Task:
Transcribe the listing below exactly, from its first line through the line with "The status is indicated". Omit the pictures.

Recorded information:

☆ ☆ ☆

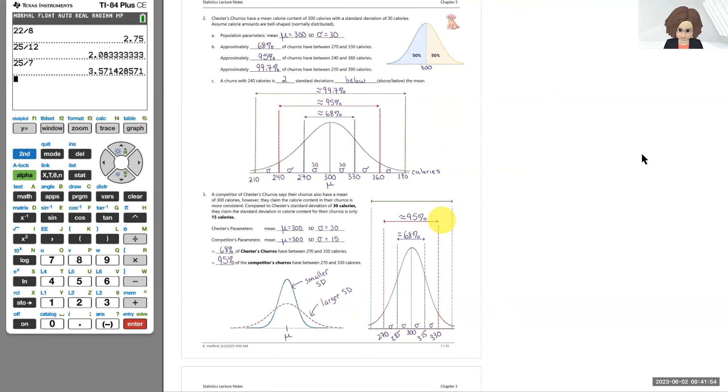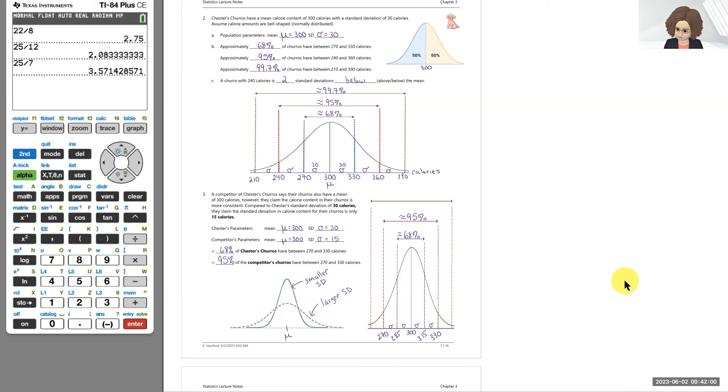That ends our Chester Churro example. We'll revisit churros later again in the semester. Thank you.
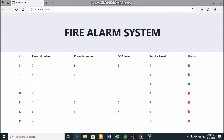The status is indicated by red and green colors. The smoke level and carbon dioxide level must be below or equal to five to show a green status. If either is greater than five, the status is shown in red. The web client is refreshing every 40 seconds, and the changes are visible in real time.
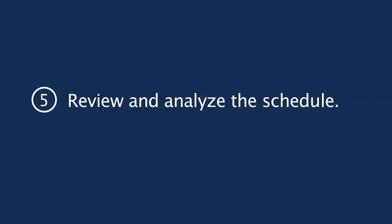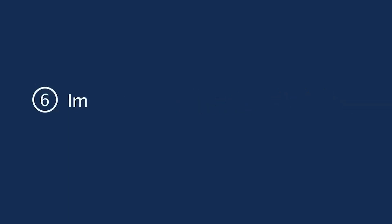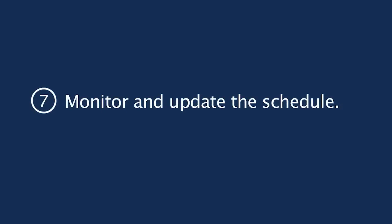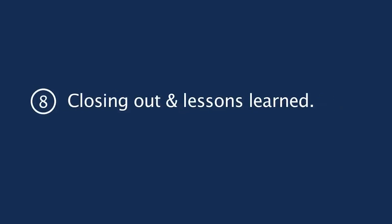After that you have a ready to implement schedule and then you go implement it in steps six and seven. Implementing the schedule, monitor and update the schedule, and when the project is completed then it's time to do the closing out.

☆ ☆ ☆

Finished exercise:
That ends our Chester Churro example. We'll revisit churros later again in the semester. Thank you.
The status is indicated by red and green colors. The smoke level and carbon dioxide level must be below or equal to five to show a green status. If either is greater than five, the status is shown in red. The web client is refreshing every 40 seconds, and the changes are visible in real time.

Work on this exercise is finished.